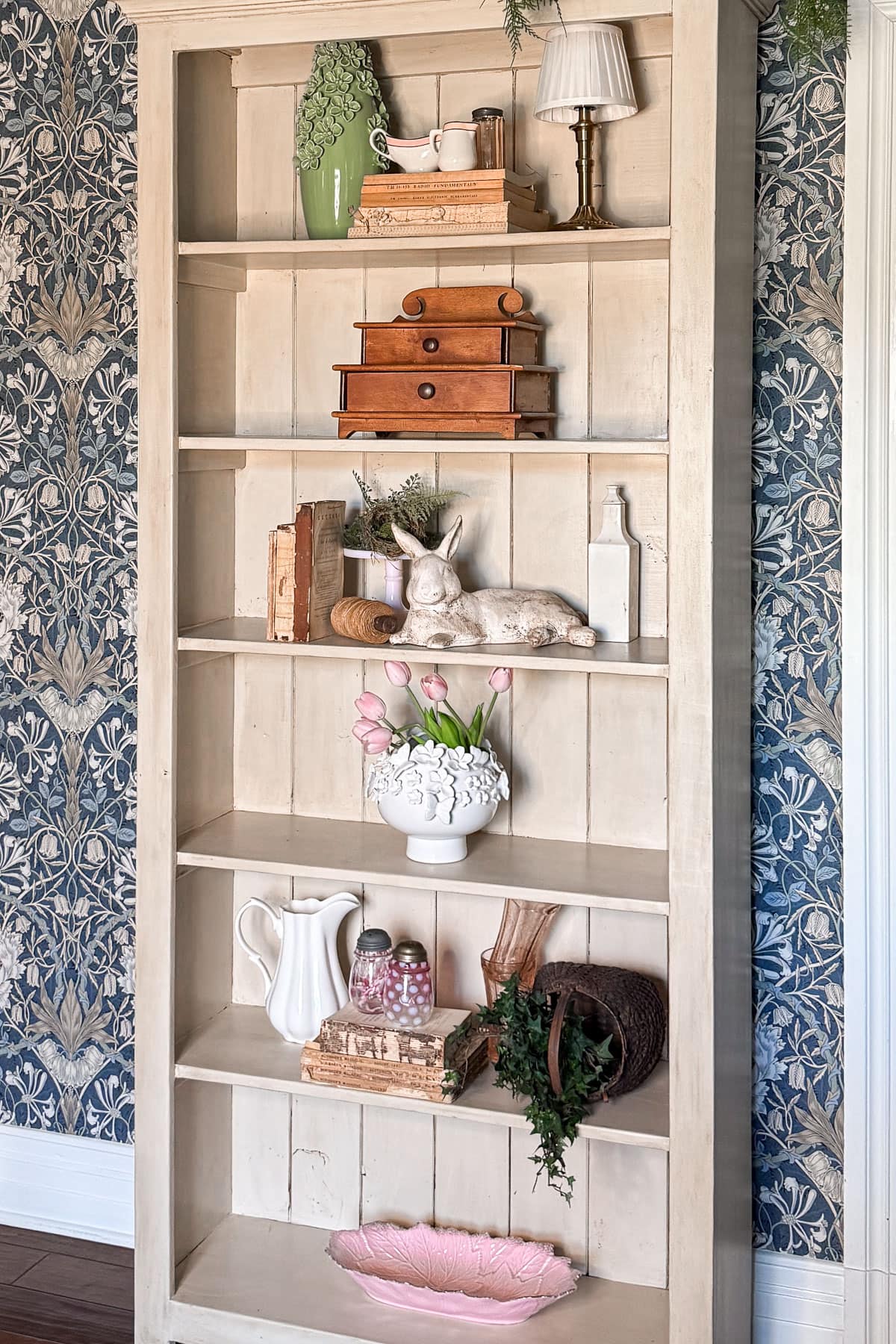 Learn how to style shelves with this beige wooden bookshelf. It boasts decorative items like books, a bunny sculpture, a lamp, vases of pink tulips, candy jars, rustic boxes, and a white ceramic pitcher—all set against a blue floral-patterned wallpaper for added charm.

--

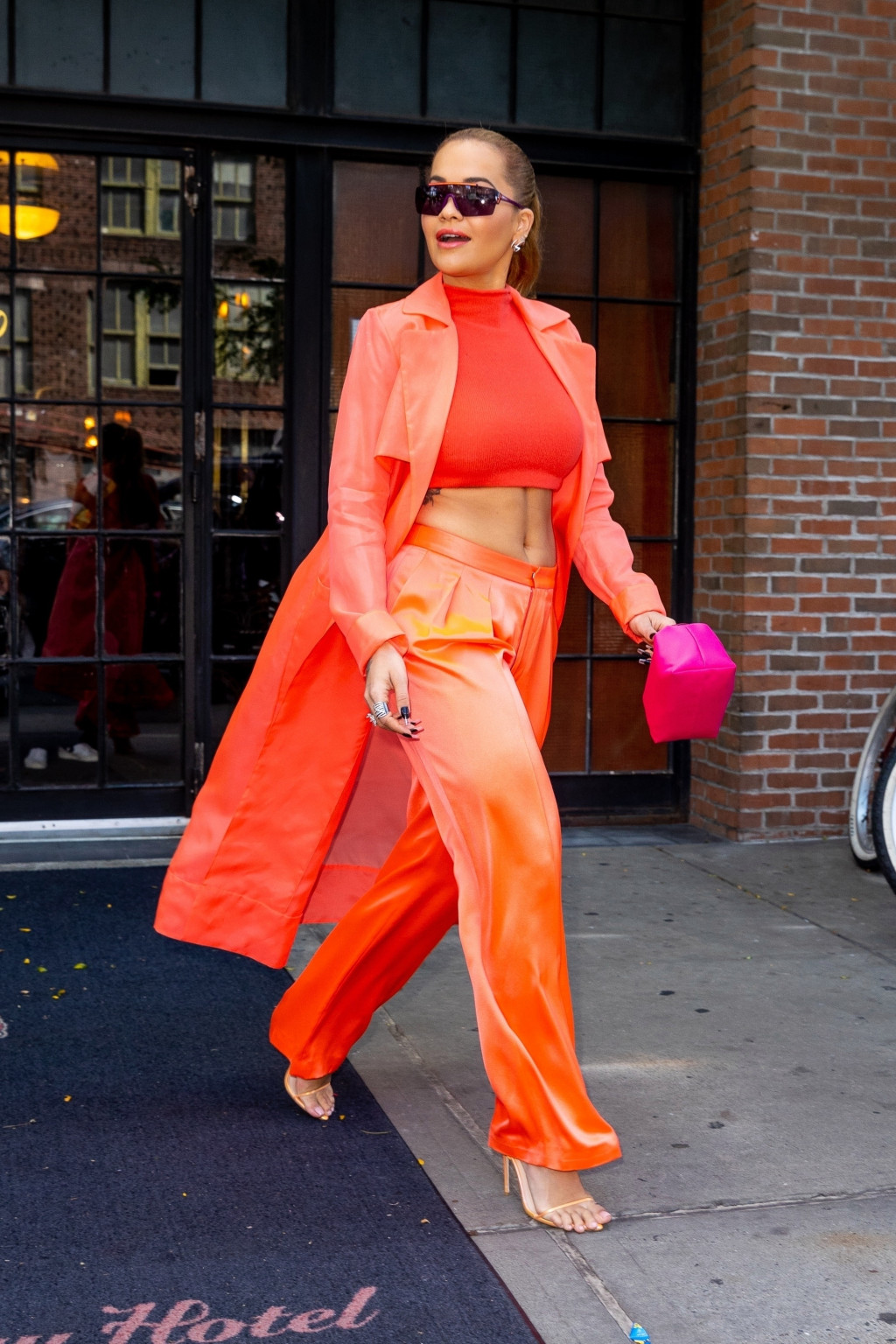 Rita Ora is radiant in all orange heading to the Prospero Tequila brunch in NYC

...

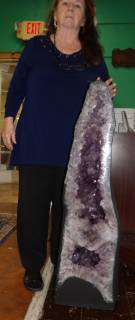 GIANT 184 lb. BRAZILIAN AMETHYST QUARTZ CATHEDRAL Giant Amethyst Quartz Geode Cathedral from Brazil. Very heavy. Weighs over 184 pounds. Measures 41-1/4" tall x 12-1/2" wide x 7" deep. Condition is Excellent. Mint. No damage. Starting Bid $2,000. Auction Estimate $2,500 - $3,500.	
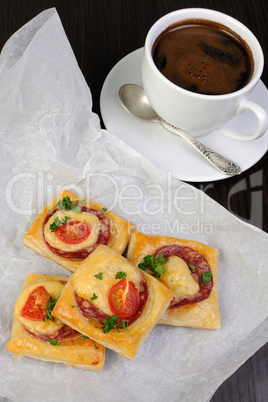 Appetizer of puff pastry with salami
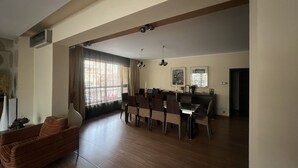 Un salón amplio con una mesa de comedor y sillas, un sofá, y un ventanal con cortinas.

**PROBLEM STATEMENT**
Excluding any pictures, print exactly the lines of the listing above from the line with "GIANT 184 lb." to the line with "Un salón amplio", both ends included.

**THE COMPLETED TASK**
 GIANT 184 lb. BRAZILIAN AMETHYST QUARTZ CATHEDRAL Giant Amethyst Quartz Geode Cathedral from Brazil. Very heavy. Weighs over 184 pounds. Measures 41-1/4" tall x 12-1/2" wide x 7" deep. Condition is Excellent. Mint. No damage. Starting Bid $2,000. Auction Estimate $2,500 - $3,500.	
 Appetizer of puff pastry with salami
 Un salón amplio con una mesa de comedor y sillas, un sofá, y un ventanal con cortinas.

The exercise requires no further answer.